Long term readers of this blog will know our devotion to using container-based technology, especially Docker, to significantly improve software quality through repeatable builds.

In the Autumn/fall of 2020, Microsoft introduced a Visual Studio Code (VSCode) extension Remote – Containers. With one quick stroke, this extension allows you to open a VSCode project within a Docker container.

Getting started with Dev Containers and Docker

There are several different approaches to using Dev Containers. In this post, we shall cover three options:

  1. Using an existing Docker image from Docker Hub
  2. Using a pre-build Microsoft container setup
  3. Using a custom Docker image based on a project specific Dockerfile

There are a couple of prerequisites:

Using an existing Docker image – TDD in C with Ceedling

Anyone using or experimenting with Test-Driven-Development in C will probably be aware of Ceedling, unity and CMock.

Whether or not you have Ceedling, or any dependents, such as Ruby, installed we can begin using Dev Container with an existing Dockerhub container image. Containerisation ensures we can quickly get up and running with Ceedling in a known environment. In true ‘Blue Peter‘ style, we happen to have a pre-built Ceedling based Docker image on Docker Hub.

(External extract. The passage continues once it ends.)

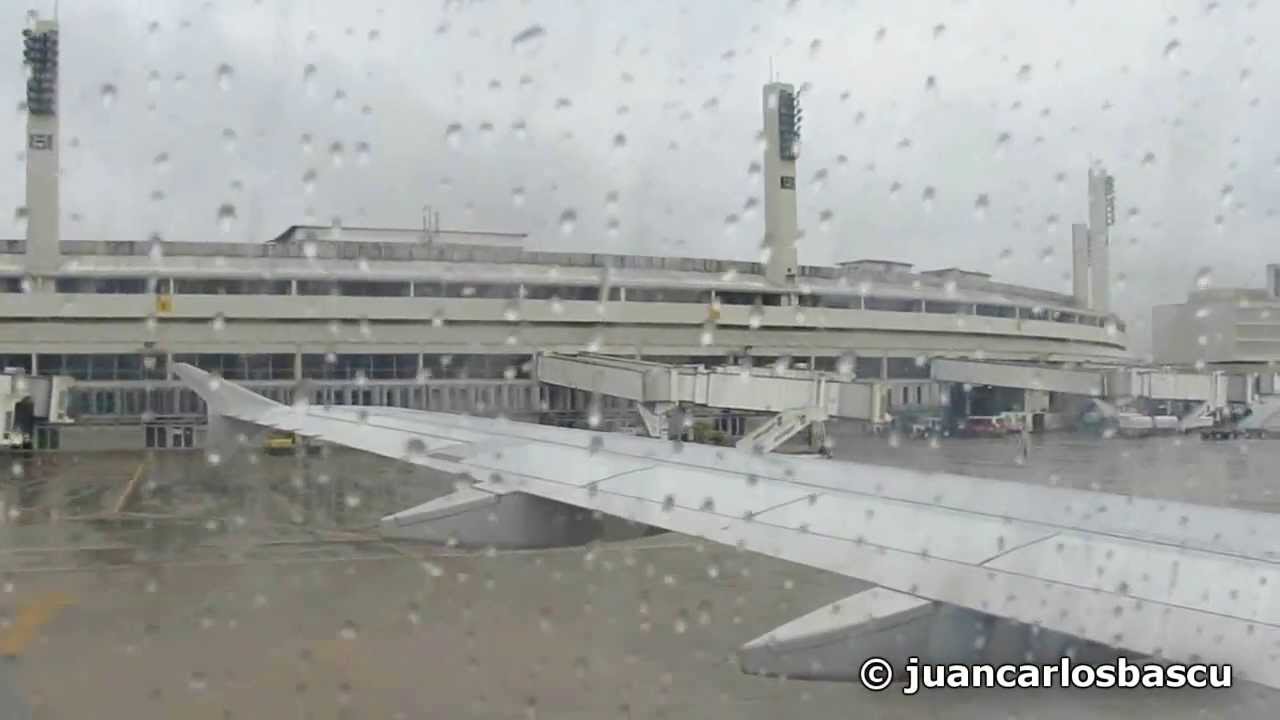 LAN A320 CC-BAF Landing at Galeao Intl, Río de Janeiro. (Flight LA772)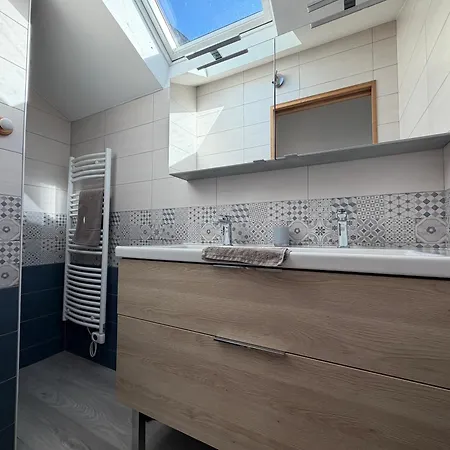 Apartment Les Songes Duplex Cosy 3 Chambres 1 Salle De Bain A 1 Km De Bayeux Parking Public Gratuit 15 Km De La Mer Proche Plages Du Debarquement Saint-Vigor-le-Grand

  1. Create an empty folder, e.g.
$ mkdir ceedling_test
  1. In the new folder, create another folder called .devcontainer (note the preceding .)
$ cd ceedling_test
$ mkdir .devcontainer
  1. In that new folder, add a file called devcontainer.json with the contents
    "image": "feabhas/ceedling"
  1. Your project structure should now be:
    └── devcontainer.json
  1. Now open VSCode in the working directory
$ code .
  1. VScode will detect the Dev Container configuration file and ask if you want to reopen the folder in a container. Click Reopen in Container.
  2. Open a terminal window within VSCode, and you will be presented with a shell prompt #. We are now running within a Docker container based on the image feabhas/ceedling.
  3. Test the container, e.g.
# ceedling new test_project
Welcome to Ceedling!
      create  test_project/project.yml

Project 'test_project' created!
 - Execute 'ceedling help' from test_project to view available test & build tasks

# cd test_project

# ceedling module:create[widget]
File src/widget.c created
File src/widget.h created
File test/test_widget.c created
Generate Complete

# ceedling test

Test 'test_widget.c'
Generating runner for test_widget.c...
Compiling test_widget_runner.c...
Compiling test_widget.c...
Compiling unity.c...
Compiling widget.c...
Compiling cmock.c...
Linking test_widget.out...
Running test_widget.out...

  Test: test_widget_NeedToImplement
  At line (15): "Need to Implement widget"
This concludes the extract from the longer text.